_AIM OF THE TASK_
Within the records that follow, restate exactly the lines from the line with "Photograph by Chen-You Li" down to the line with "モザンビークのナンプーラ州は", including both. Omit the pictures.

_TASK MATERIAL_
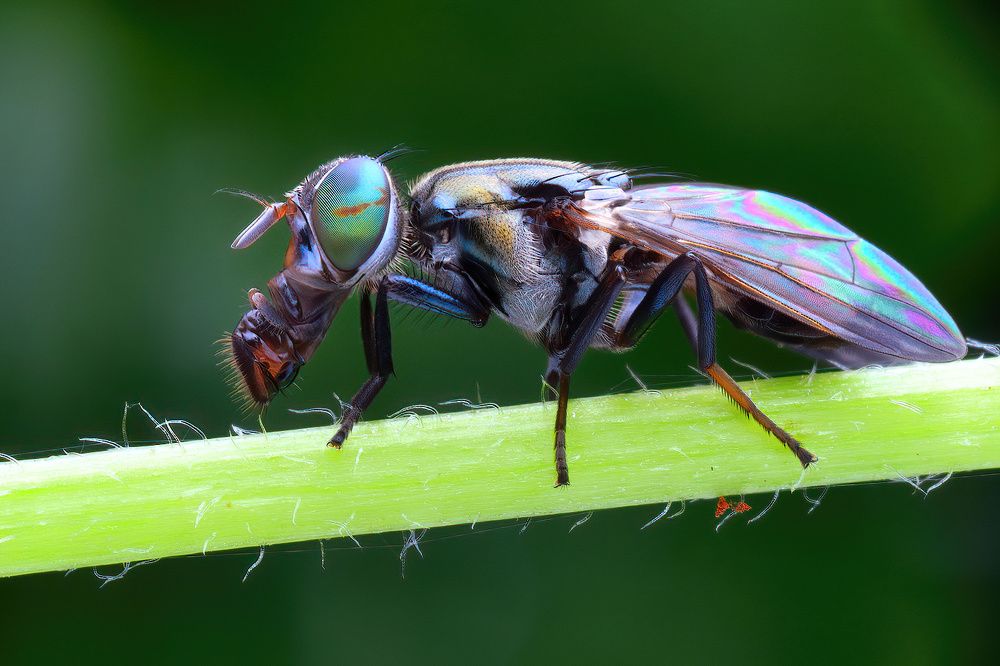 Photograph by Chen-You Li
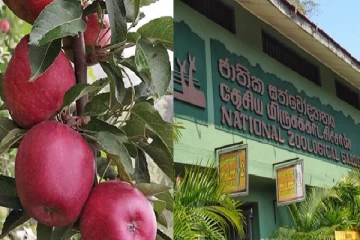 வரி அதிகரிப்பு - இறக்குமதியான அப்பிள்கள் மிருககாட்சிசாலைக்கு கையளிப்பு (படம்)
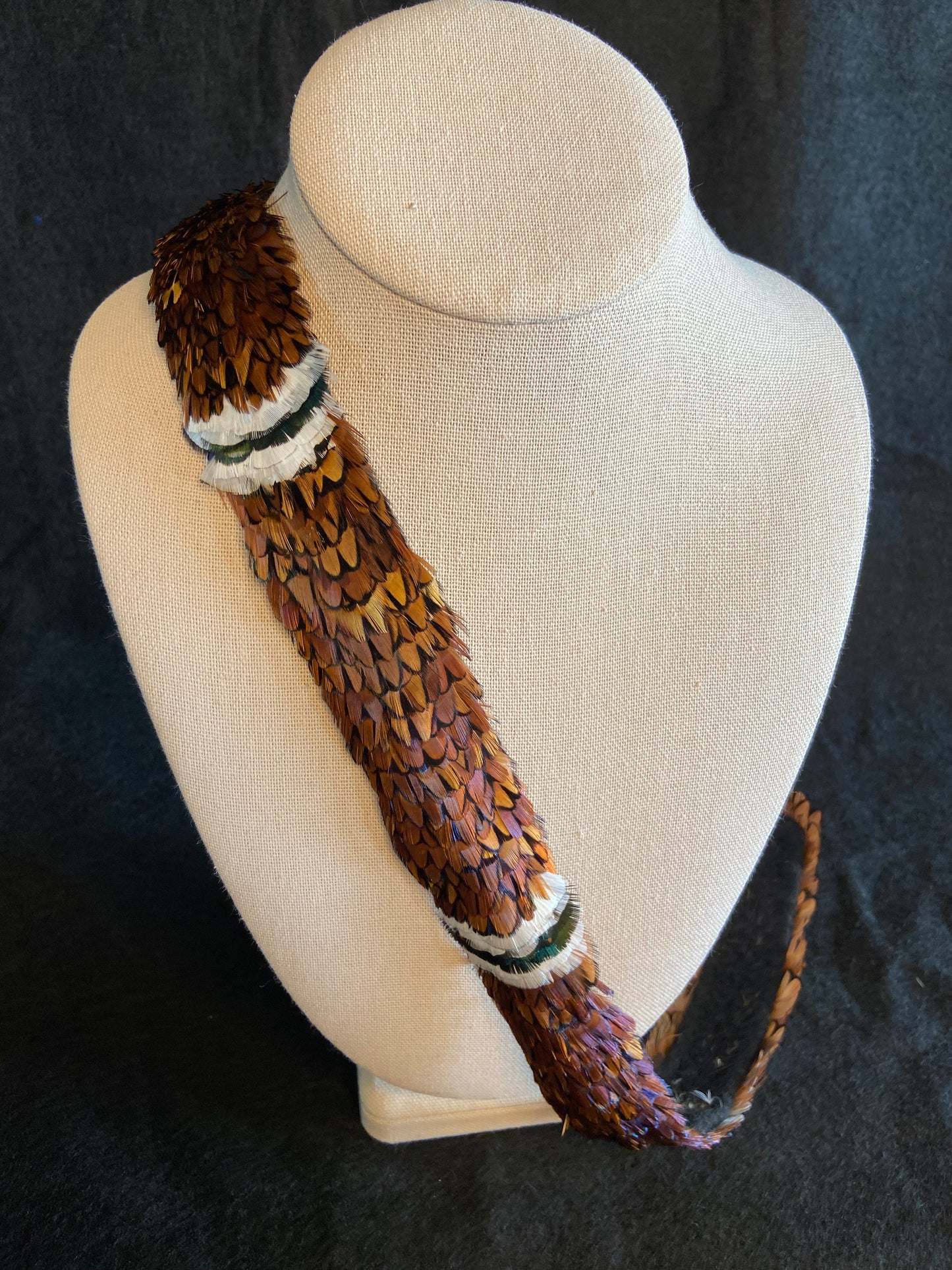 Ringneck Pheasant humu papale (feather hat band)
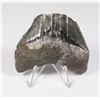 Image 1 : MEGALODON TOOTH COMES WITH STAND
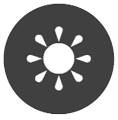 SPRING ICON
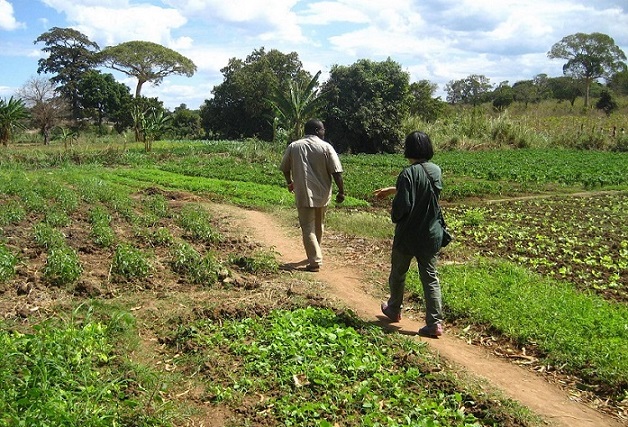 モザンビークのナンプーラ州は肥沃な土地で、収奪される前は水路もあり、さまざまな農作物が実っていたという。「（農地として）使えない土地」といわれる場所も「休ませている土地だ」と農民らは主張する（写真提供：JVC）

==

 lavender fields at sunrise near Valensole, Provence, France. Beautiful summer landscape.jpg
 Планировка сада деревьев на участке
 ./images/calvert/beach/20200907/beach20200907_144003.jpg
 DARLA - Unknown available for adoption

_ANSWER BOX_
 Photograph by Chen-You Li
 வரி அதிகரிப்பு - இறக்குமதியான அப்பிள்கள் மிருககாட்சிசாலைக்கு கையளிப்பு (படம்)
 Ringneck Pheasant humu papale (feather hat band)
 Image 1 : MEGALODON TOOTH COMES WITH STAND
 SPRING ICON
 モザンビークのナンプーラ州は肥沃な土地で、収奪される前は水路もあり、さまざまな農作物が実っていたという。「（農地として）使えない土地」といわれる場所も「休ませている土地だ」と農民らは主張する（写真提供：JVC）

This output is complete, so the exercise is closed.